▸ DATASET SECTION
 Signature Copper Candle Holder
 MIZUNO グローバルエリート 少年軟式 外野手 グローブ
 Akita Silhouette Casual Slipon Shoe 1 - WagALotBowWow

▸ ACTIVITY
Find the line that contains "MIZUNO グローバルエリート 少年軟式 外野手 グローブ" in the data above. Reproduce it and every later line exactly, through the last one.

▸ WRITTEN SOLUTION
 MIZUNO グローバルエリート 少年軟式 外野手 グローブ
 Akita Silhouette Casual Slipon Shoe 1 - WagALotBowWow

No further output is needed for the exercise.